For the records that follow, please set down exactly the lines between the one holding "serviço de corretor de unhas" and the one holding "Medical Hx: Hypertension, Systemic.", inclusive, and only those.

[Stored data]
------------------------------
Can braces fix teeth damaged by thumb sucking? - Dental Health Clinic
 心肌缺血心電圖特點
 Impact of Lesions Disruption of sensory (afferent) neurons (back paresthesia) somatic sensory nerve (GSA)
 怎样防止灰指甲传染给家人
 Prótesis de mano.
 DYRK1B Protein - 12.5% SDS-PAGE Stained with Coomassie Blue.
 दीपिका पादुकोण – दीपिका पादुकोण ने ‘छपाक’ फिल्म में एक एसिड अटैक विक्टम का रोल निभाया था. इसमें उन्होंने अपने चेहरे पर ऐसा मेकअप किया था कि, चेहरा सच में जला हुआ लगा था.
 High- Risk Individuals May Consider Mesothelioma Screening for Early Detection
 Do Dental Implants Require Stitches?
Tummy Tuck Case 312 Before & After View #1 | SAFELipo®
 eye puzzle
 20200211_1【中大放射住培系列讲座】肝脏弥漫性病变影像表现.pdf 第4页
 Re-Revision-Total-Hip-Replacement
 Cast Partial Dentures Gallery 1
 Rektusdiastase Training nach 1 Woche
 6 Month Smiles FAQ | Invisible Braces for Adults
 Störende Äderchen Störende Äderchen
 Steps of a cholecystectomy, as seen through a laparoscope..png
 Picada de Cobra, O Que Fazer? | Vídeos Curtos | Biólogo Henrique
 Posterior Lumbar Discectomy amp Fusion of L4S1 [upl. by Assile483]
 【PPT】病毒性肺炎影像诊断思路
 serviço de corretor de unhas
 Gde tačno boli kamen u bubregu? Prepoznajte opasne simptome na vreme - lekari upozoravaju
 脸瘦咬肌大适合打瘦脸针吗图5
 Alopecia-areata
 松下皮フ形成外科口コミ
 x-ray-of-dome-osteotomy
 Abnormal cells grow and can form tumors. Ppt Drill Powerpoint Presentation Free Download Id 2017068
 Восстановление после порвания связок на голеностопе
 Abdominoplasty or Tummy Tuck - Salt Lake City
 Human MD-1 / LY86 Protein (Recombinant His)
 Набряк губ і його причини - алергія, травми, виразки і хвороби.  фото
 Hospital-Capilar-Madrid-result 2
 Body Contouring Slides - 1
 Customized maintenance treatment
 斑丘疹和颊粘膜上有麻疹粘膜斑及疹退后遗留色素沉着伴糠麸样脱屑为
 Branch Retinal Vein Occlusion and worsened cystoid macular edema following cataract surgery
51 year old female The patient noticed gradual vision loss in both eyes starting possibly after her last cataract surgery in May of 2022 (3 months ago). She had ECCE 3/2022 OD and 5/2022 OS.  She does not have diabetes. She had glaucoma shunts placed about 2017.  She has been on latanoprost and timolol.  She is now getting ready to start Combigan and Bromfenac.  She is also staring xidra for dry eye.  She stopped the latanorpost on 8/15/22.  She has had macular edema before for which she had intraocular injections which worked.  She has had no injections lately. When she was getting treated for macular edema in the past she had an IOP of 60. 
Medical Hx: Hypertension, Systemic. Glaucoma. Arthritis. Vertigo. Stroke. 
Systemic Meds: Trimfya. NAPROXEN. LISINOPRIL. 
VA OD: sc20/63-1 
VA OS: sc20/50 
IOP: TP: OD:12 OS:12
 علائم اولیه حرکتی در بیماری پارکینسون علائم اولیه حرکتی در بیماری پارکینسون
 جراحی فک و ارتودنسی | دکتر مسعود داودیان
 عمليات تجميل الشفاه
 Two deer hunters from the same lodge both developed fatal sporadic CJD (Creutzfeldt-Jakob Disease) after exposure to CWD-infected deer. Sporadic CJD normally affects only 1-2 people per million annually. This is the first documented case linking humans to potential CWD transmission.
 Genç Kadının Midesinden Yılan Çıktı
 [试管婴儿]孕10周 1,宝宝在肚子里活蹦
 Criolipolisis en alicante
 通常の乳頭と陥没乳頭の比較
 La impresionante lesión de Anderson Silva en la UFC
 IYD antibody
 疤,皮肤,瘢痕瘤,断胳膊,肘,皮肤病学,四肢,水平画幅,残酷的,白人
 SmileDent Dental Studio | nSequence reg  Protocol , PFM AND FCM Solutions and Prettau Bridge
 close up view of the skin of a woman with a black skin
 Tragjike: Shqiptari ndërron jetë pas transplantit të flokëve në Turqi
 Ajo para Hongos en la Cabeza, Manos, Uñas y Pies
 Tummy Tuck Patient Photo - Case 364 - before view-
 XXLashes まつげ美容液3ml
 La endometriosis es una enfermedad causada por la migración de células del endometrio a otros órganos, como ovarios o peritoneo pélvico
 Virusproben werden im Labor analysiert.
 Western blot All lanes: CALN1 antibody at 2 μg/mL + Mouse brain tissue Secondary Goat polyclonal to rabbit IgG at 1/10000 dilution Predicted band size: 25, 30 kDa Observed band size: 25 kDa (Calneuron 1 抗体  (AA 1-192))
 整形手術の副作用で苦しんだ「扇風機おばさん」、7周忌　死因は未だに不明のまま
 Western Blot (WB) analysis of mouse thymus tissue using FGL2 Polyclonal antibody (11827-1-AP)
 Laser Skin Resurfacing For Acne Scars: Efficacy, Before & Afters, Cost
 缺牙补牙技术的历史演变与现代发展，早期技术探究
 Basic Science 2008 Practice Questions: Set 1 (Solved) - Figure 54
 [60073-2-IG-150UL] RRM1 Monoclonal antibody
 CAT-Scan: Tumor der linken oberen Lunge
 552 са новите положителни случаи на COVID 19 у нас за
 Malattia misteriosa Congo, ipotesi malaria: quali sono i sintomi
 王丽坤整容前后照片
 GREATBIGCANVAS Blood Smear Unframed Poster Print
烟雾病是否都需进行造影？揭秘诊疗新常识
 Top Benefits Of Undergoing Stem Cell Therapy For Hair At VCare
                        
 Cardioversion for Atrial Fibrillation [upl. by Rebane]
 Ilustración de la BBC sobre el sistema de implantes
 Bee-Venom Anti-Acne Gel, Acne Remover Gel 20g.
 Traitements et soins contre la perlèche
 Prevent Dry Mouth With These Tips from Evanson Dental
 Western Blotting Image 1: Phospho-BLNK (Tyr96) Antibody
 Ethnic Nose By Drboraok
------------------------------
» **EXPECTED ANSWER**:
 serviço de corretor de unhas
 Gde tačno boli kamen u bubregu? Prepoznajte opasne simptome na vreme - lekari upozoravaju
 脸瘦咬肌大适合打瘦脸针吗图5
 Alopecia-areata
 松下皮フ形成外科口コミ
 x-ray-of-dome-osteotomy
 Abnormal cells grow and can form tumors. Ppt Drill Powerpoint Presentation Free Download Id 2017068
 Восстановление после порвания связок на голеностопе
 Abdominoplasty or Tummy Tuck - Salt Lake City
 Human MD-1 / LY86 Protein (Recombinant His)
 Набряк губ і його причини - алергія, травми, виразки і хвороби.  фото
 Hospital-Capilar-Madrid-result 2
 Body Contouring Slides - 1
 Customized maintenance treatment
 斑丘疹和颊粘膜上有麻疹粘膜斑及疹退后遗留色素沉着伴糠麸样脱屑为
 Branch Retinal Vein Occlusion and worsened cystoid macular edema following cataract surgery
51 year old female The patient noticed gradual vision loss in both eyes starting possibly after her last cataract surgery in May of 2022 (3 months ago). She had ECCE 3/2022 OD and 5/2022 OS.  She does not have diabetes. She had glaucoma shunts placed about 2017.  She has been on latanoprost and timolol.  She is now getting ready to start Combigan and Bromfenac.  She is also staring xidra for dry eye.  She stopped the latanorpost on 8/15/22.  She has had macular edema before for which she had intraocular injections which worked.  She has had no injections lately. When she was getting treated for macular edema in the past she had an IOP of 60. 
Medical Hx: Hypertension, Systemic. Glaucoma. Arthritis. Vertigo. Stroke. 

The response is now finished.